Toilet and Holding Tanks:

• Flush the toilet until you see antifreeze in the bowl.
• Pour a cup of antifreeze down each sink and shower drain to protect the P-traps.
• If your RV has separate black and gray water holding tanks, add antifreeze to each to prevent freezing.
Why it matters. This step safeguards key components of your RV’s plumbing system, ensuring they are protected from freezing temperatures and ready for use when the weather warms up. It’s a proactive measure to prevent potential damage and maintain the functionality and hygiene of these essential facilities in your RV.

Exterior Components:

• Disconnect any hoses or filters connected to the exterior of the RV.
• Drain and store these items separately.
• If your RV has an ice maker or external shower, ensure they are also winterized following manufacturer instructions.
Why it matters.
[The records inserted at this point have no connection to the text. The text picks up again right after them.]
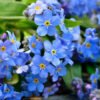 Forget Me Not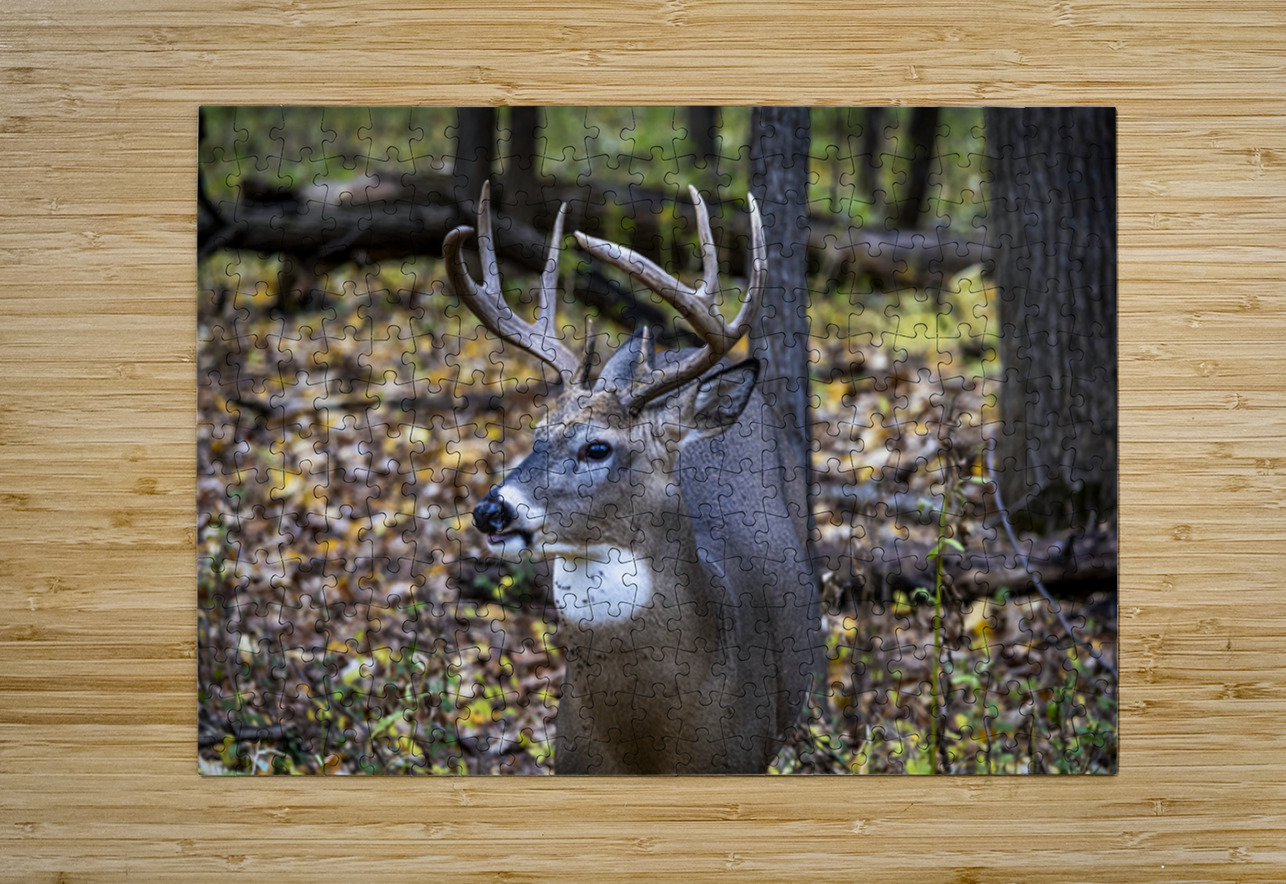Antlers and Autumn: A Portrait of Natures Beauty Marc Gilbert Photography Puzzle printing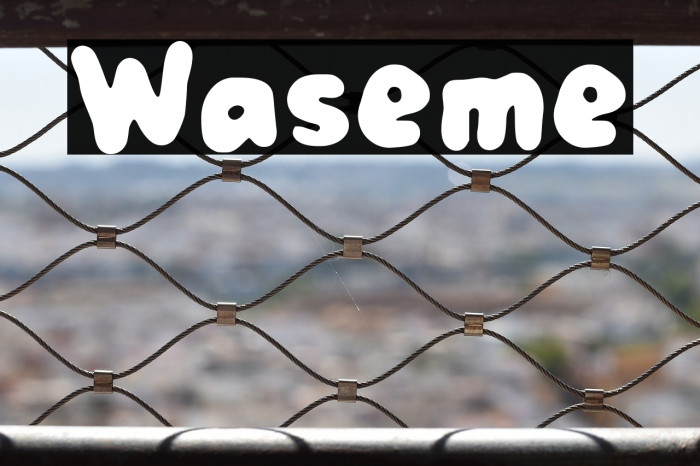Waseme Example 2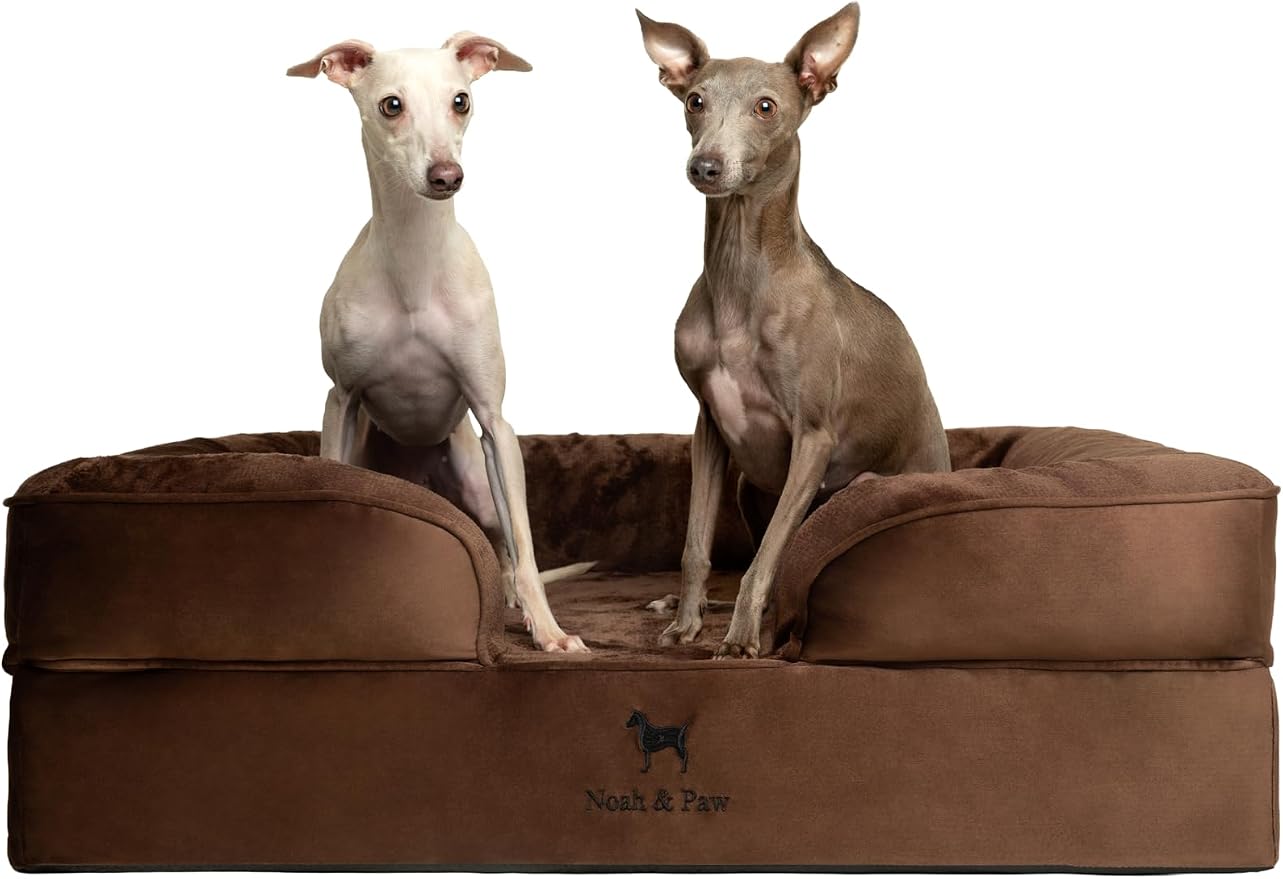 NOAH & PAW Large Dog Bed, 35x25x11 Inch, Orthopedic Dog Beds, Eggshell Memory Foam Infused with Cooling Gel, Inner Cover, Water Resistant, Machine Washable (Velvet Sofa Collection) by NoahPaw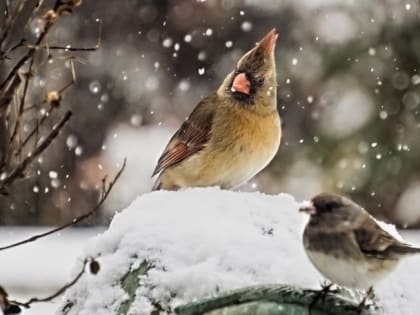 Сильный ветер и до -22 градусов ожидается в Татарстане 12 декабря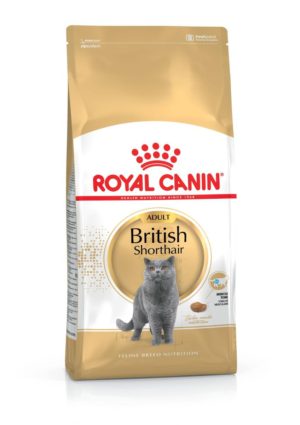 Ξηρά Τροφή Royal Canin British Shorthair Adult Πλήρης και Ισορροπημένη Τροφή για Ενήλικες Γάτες Φυλής British Shorthair 2kg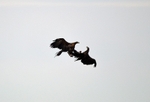 White-tailed Eagles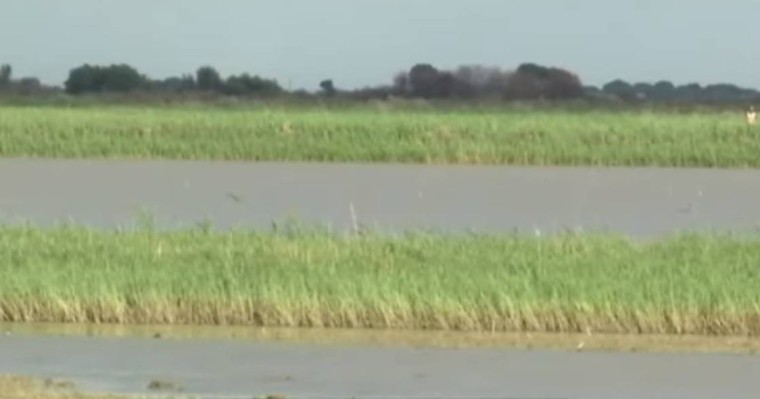 Қызылорда облысында күріш дақылдарына өлім қаупі төнді - Қазақстан жаңалықтары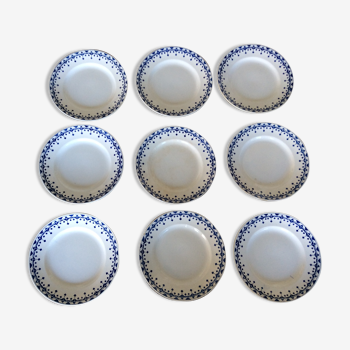 9 assiettes plates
Disconnecting and draining hoses or filters is crucial to prevent freezing, which can cause these components to crack or become damaged. Winterizing an RV’s ice maker and external shower is equally important, as residual water left in these systems can freeze and lead to costly repairs. By ensuring these components are winterized, you protect them from winter-related damage, ensuring they function properly when you’re ready to use your RV again.

Protect Water Pump:

• Turn off the water pump.
• Disconnect the inlet side of the pump and connect the pump converter kit.
• Open a faucet to relieve pressure, and briefly run the pump to clear any remaining water from the system.
Why it matters. Turning off the water pump, disconnecting the inlet side, and using a pump converter kit are essential steps to protect the pump. This process relieves pressure, preventing potential damage, and running the pump briefly clears any remaining water. By taking these measures, you ensure the water pump remains intact and functional during winter storage, preventing costly repairs and ensuring a smooth start when you’re ready to use your RV again.

Exterior Water Lines:

• If possible, disconnect and drain any exterior water lines.
• Insulate exposed pipes or use heating tape to prevent freezing in extremely cold temperatures.
Why it matters. Disconnecting and draining exterior water lines is crucial to prevent freezing, which can lead to pipe damage. Additionally, insulating or using heating tape on exposed pipes is essential in extremely cold temperatures. These measures protect the plumbing system, ensuring it remains intact and functional during winter and preventing costly repairs.

Check Seals and Roof:

• Inspect the seals around windows, doors, and roof vents for any signs of wear or damage.
• Repair or replace damaged seals to prevent leaks during the winter.
• Clean the roof and check for any potential trouble spots.
Why it matters. Inspecting and repairing damaged seals is vital to prevent water leaks around windows, doors, and roof vents. Cleaning the roof and checking for potential leaks ensures that your RV remains watertight. By addressing these areas, you safeguard against water damage, maintaining the structural integrity of your RV and preventing issues like mold or rot.

Cover or Store Indoors:

If possible, store your RV indoors to provide the best protection from the elements. – If indoor storage isn’t an option, use an RV cover to shield it from snow, ice, and UV rays.
Why it matters. Storing your RV indoors is the optimal choice as it provides the highest level of protection from weather elements such as snow, ice, and UV rays. Indoor storage shields the vehicle from direct exposure, preventing potential damage and extending its longevity. If indoor storage isn’t feasible, using an RV cover is the next best option. The cover acts as a protective barrier, minimizing exposure to the elements and preserving the exterior finish of the RV. This step is crucial to maintain the aesthetic appeal and structural integrity of your RV, ensuring it’s ready for your next adventure.

Remember, proper winterization is crucial for maintaining your RV and preventing costly damage. Take your time and follow these steps carefully. Safe travels (or hibernation)!